The plaintiff has secured a declaratory judgment which adjudges that she is the lawful wife of the defendant Charles Ludwig Baumann; that the defendants are not and never have been husband and wife; that an alleged divorce procured by the defendant Charles Ludwig Baumann from the plaintiff in Yucatan, Mexico, is null and void and that an alleged marriage between the defendants on June 28th, 1926, is null and void. The findings and evidence justify the judgment to that extent.

On a prior appeal in this case the Appellate Division *Page 385 decided that this was a proper case for a declaratory judgment to judicially establish the matrimonial status of the plaintiff. (222 App. Div. 460.) We think the conclusion reached by the Appellate Division was justified by the facts in this case. The judgment entered, however, goes far beyond establishing the plaintiff's matrimonial status. It enjoins the defendants from representing or holding out that they are husband and wife, and from representing or holding out that the defendant Charles Ludwig Baumann was divorced from the plaintiff. It also restrains the defendant Ray Starr Einstein from assuming or using the name "Baumann." It also restrains the defendants from going through any marriage ceremony or "attempting or purporting to have performed any further marriage ceremony between them" during the life of the plaintiff. In granting such injunctive relief, on the facts in this case, we think the court exceeded its jurisdiction.

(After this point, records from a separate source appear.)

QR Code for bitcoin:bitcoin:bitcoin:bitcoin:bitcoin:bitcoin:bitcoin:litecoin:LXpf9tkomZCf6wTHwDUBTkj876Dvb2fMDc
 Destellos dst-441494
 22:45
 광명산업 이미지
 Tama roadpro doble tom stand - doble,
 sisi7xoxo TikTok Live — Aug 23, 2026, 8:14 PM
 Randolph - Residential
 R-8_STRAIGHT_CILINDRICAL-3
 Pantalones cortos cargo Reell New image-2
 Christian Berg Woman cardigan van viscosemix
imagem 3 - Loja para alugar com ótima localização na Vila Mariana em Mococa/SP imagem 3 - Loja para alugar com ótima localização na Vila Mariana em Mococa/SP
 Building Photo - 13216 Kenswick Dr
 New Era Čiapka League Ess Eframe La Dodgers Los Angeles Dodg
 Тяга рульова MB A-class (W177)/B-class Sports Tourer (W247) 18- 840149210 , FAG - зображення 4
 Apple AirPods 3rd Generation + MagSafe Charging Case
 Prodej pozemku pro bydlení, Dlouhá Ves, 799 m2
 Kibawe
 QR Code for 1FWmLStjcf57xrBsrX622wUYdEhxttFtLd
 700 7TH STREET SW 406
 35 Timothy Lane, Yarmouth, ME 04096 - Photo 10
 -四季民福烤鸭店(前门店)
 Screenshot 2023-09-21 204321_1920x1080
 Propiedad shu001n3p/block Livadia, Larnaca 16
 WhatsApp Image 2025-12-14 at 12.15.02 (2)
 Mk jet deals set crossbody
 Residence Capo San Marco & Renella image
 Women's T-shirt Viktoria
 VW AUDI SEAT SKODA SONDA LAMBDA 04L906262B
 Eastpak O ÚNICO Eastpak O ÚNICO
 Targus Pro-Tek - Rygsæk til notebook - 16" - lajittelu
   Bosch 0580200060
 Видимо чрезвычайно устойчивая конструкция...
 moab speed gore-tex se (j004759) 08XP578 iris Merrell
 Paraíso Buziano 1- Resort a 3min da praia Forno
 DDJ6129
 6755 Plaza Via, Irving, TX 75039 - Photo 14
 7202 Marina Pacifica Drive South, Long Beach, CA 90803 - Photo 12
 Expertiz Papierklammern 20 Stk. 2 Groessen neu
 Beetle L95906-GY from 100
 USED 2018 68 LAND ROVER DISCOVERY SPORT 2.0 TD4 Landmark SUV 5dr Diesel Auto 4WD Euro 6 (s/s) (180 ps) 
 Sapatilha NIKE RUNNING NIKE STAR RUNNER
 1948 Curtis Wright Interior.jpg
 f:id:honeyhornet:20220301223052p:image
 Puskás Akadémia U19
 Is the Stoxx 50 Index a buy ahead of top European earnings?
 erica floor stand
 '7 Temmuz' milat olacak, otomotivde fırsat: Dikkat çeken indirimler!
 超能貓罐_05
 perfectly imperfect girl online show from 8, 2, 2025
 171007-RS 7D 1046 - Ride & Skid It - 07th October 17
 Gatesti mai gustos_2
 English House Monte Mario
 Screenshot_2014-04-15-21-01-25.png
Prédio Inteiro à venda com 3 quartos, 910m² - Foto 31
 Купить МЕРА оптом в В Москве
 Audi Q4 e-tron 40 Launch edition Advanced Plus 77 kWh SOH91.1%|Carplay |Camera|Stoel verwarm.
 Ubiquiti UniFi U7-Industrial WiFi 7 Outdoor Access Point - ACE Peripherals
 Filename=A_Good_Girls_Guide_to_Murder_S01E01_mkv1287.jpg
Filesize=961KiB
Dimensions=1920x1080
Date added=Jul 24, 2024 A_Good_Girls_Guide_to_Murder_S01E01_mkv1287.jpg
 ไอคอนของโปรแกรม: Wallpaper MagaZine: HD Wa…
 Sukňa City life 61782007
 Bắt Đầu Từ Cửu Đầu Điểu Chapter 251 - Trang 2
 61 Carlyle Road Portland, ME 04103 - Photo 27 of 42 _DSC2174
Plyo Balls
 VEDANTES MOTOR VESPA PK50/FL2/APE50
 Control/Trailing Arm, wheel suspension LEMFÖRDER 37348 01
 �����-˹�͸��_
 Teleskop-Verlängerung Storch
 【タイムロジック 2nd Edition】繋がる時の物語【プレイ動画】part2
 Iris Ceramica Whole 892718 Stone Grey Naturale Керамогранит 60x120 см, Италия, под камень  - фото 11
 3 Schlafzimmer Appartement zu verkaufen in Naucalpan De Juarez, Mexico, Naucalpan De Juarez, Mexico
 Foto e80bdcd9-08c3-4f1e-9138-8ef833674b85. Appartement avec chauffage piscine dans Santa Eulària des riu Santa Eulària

The plaintiff and Charles Ludwig Baumann were married in this State in 1909. They then were and ever since have been domiciled in this State. Two children were born of the marriage who have always resided with the plaintiff. In 1921 the plaintiff and the defendant Charles Ludwig Baumann entered into an agreement of separation under which the plaintiff released her dower rights, and the said defendant agreed to pay and has paid to the plaintiff $21,000 per annum. In 1924 the defendant Charles Ludwig Baumann went to the State of Yucatan, Mexico, and procured a document from the Director General of the Civic Register of the State of Yucatan, which purported to grant him a divorce from the plaintiff, which divorce the declaratory judgment has adjudged to be void. On June 28th, 1926, the defendants went through a marriage ceremony in the State of Connecticut, before a justice of the peace. The judgment herein declares said marriage to be null and void. Immediately after said ceremony the defendants returned to *Page 386 New York city, where they have since lived as husband and wife, held themselves out as husband and wife, represented to the public that the defendant Ray Starr Einstein was Mrs. Charles Ludwig Baumann, the wife of Charles Ludwig Baumann, and also represented to the public that Charles Ludwig Baumann was no longer the husband of the plaintiff, and that he had secured a divorce from her in Yucatan.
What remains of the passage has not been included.